At UCSF, radiology exams brought by patients are routinely uploaded into the PACS to be added to their files. However, the physicians of these patients can request for any exam to be read by a staff radiologist and for a formal report to be prepared. That's been the case for decades, even when film was the norm as the mode of image transfer.
Could this formal procedure of interpreting outside images have any effect on repeat exams?
Dr. Michael Lu, a former radiology resident at UCSF, along with colleagues Wyatt Tellis, PhD, and Dr. David Avrin, PhD, decided to assess whether providing a formal report for outside imaging reduced the number of repeat exams. To do this, they analyzed six years of data for patients who brought CDs of abdominal CT exams performed by healthcare providers other than UCSF. The study was presented at RSNA 2012.
Dr. Michael Lu, former radiology resident at UCSF.
"We focused our retrospective study on abdominal CTs because they are a relatively high-cost exam to perform and they are associated with a high radiation dose exposure," Lu explained.
External CT studies that were at most 60 days old at the time of import were considered. The 60-day threshold was chosen to minimize the number of routine follow-up imaging studies counted as "repeat imaging," Lu said.
Between January 1, 2006, and December 31, 2011, a total of 10,330 consecutive patients had external abdominal CT exams on DICOM CDs imported into the radiology department's PACS. Staff radiologists prepared formal reports for 36% of these (3,719 exams); physicians did not request a formal report for the remaining 64%. Exams imported into PACS that did not have a report prepared were tagged as being for "comparison purposes only."
Of the patients who underwent abdominal surgery, 63% had formal reports prepared of their CT exams. Lu and colleagues also determined that the age of the exam influenced whether a report was requested. They assigned the date the external CT exam was performed into one of three 20-day time periods.
The researchers then compared the rate of patients having a repeat abdominal CT performed within 14 days from the time they were seen at UCSF. Only 9.4% of the patients who had a formal report prepared ended up having a repeat CT exam, compared with 14% of the patients who did not have reports prepared. This represented an absolute difference of 5% and a relative difference of 32%, Lu said.

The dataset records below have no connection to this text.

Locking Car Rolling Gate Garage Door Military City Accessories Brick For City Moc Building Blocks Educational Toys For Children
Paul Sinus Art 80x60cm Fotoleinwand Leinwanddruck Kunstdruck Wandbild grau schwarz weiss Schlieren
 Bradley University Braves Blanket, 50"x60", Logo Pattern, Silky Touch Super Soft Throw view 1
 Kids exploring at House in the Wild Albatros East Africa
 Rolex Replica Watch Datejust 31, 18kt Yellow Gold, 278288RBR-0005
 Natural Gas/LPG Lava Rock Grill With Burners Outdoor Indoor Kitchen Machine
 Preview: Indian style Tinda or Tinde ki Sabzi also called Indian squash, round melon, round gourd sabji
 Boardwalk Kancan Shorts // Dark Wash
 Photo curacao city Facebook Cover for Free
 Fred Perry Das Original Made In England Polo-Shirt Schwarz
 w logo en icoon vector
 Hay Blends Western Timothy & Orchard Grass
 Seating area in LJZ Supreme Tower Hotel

"After adjusting for possible confounding variables such as the specialty of the ordering physician and the age of the outside imaging study with a multivariate analysis, patients who received a formal report continued to have lower odds of repeat imaging, with an odds ratio of 0.53," he explained.
The acuity of a patient's presentation may have affected the ordering of a repeat exam, Lu acknowledged in response to a session attendee. This aspect was outside the scope of the study.
"The cost of an exam and the radiation dose associated with diagnostic imaging is under scrutiny -- by the government, the public, and the medical profession," he said. "I think it is very important for us as a specialty to review our practice to find ways we can reduce unnecessary imaging. Reducing repeat imaging at the transfer of care that could otherwise be avoided is low-hanging fruit."
When staff radiologists at a receiving institution prepare a formal report, it reassures the requesting physician that the interpretation has originated from a known and presumably trusted radiologist. It also avoids errors of miscommunication or incomplete review that could occur with informal "curbside" consults. These formal reports for outside imaging are also incorporated into the patient's electronic medical record.
"Referring physicians appreciate this service," Lu said.
In fact, the UCSF radiology department is trying to streamline the process. Physicians may use their office computer with a Web browser to access images on a CD, and determine on-the-fly if the images should be archived as part of the patient's record and also reinterpreted. This enables a patient to keep the CD, which may be his or her only record of the exam(s) performed.
It was also important to determine the benefits of preparing these formal reports to help other healthcare institutions decide whether to adopt the practice, the research team noted.
Lu referenced the fact that many hospitals require in-house pathologists to review external slides of a patient before surgery is approved. If the study findings from UCSF can be replicated by other hospitals' radiology departments, it may be feasible to have a similar guideline for reports to be prepared for relevant external exams, he said.
In that case, it would also be beneficial if one of radiology's professional societies supported such a guideline, he added.